To use an abused sentence, people can be divided into two categories when listening to music: some like to shut their eyes, some others let them wander around. Sometimes I belong to the first group, and I can even end up placing my fingers where the forehead meets the nose, in an attempt to keep my eyes shut; when I do that, it’s because what I see in my mind doesn’t really match what’s physically around me. More: is the music itself that is evoking images in my mind, which would be weakened by the outside world’s interference. This can happen either when music doesn’t engage me so much or when what I see around me is too mismatching and invasive, but in any case the gesture seems to have the power to amplify music through the amplification of inner images. Actually, if one carefully thinks about it, the opposite is also true: images and pictures demand, and often strongly, for a sonic imaginative act:


This seems to be a relevant result in order to understand the mechanism behind audio/visual engagement: in facts, if an artist is able to provide visual inputs that not only match, but even support and boost the musical side (and vice-versa), the positive feedback can really open an experiential dimension beyond mere sound and mere image.
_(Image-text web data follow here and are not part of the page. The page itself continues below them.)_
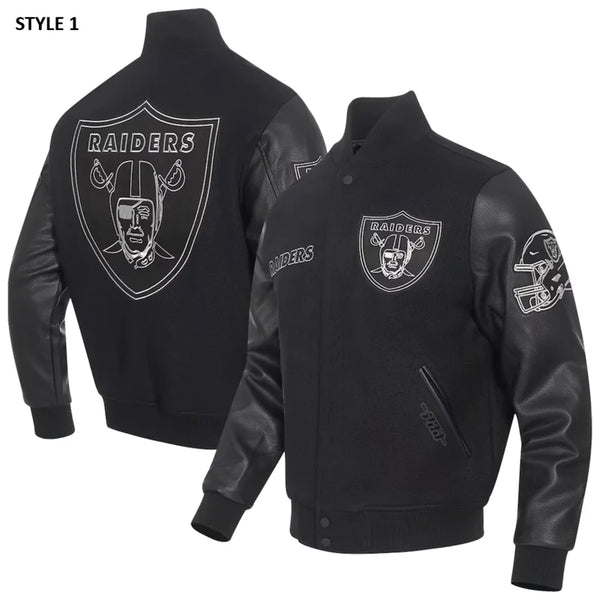 Las Vegas Raiders Black Wool Varsity Jacket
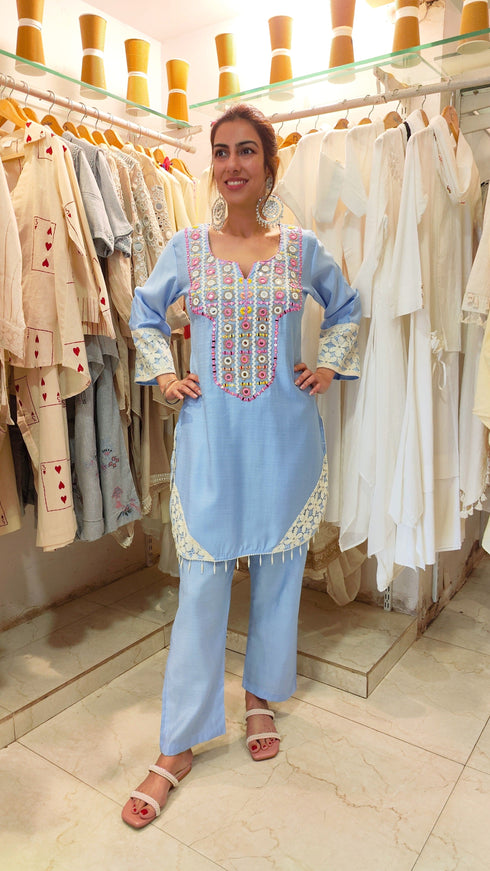 Pastel Blue Mirror Embroidered Kurta Set with Lace Detailing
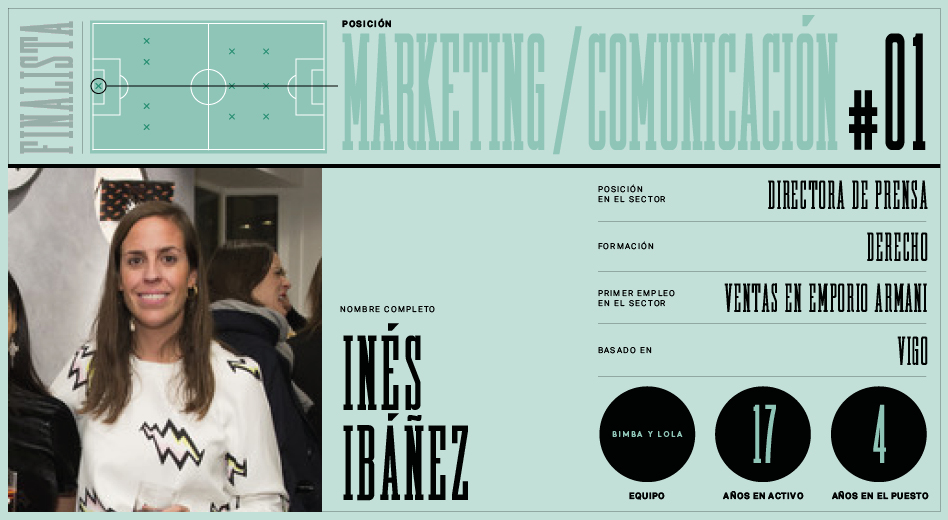 Inés Ibáñez es directora de prensa de Bimba y Lola. Finalistas del Once de la Moda para la posición de Comunicación.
For my performance I chose not to have just a big screen for the audience to stare at the whole time, but rather a three-dimensional environment that could represent a mental space, inhabited by entities of different nature. This space is defined by four televisions and a sub woofer, which form an ideal flat surface, separating the audience from the stage. There are a number of things that can be said about the TV & sub complex: first, it can suggest a criticism towards facile audio/visual approaches, which only juxtapose the two; from this point of view, the flatness of the screens couldn’t be more different from the subwoofer, which is a black box that disappears in the dark and whose sonic emission, for physical reasons, is almost a-directional (if someone really wanted to push this observation further, s/he could see in it Heidegger’s criticism of being as simple-presence versus being as emerging within a world…). Secondly, it could suggest a criticism of consumerism: after all, I was able to collect, for free, working televisions that people are dismissing just because they “want to upgrade” (direct quotation of one of the ex-owners). Moreover, there is a theme which is probably specific of Italy: over many years spent there, I realized that a large part of public opinion was manipulated by a constant bombardment of lies via television, and the way those lies were passed off as truth was to create a fake world that would turn people into superficial persons. Remarkably, the word surface translates in italian as superficie, giving a linguistic identity between the physic and the moral concepts. At the same time, however, televisions per se are just a representational medium, and this is the reason why we find the famous quotation by Magritte ceci n’est pas une pipe, transformed into ceci n’est pas un homme, meaning “this is not a human being” (the linguistic gender issue is here maybe exagerated). From this perspective, the TV “wall” also becomes a gate, a perceptual door that invite us inside a new, psychical space.


As well as inviting in, doors usually protect what’s behind them. In this case they are protecting an internal, intimate space. The figure of the woman is emblematic in this perspective, symbolizing the fact that whatever tries to go outside gets transmuted, chopped up, destroyed. Above all, her hand is (hopefully) a powerful image representing our internal thoughts and feelings trying to connect to the external world, but failing. The typical theme of incommunicability is here presented.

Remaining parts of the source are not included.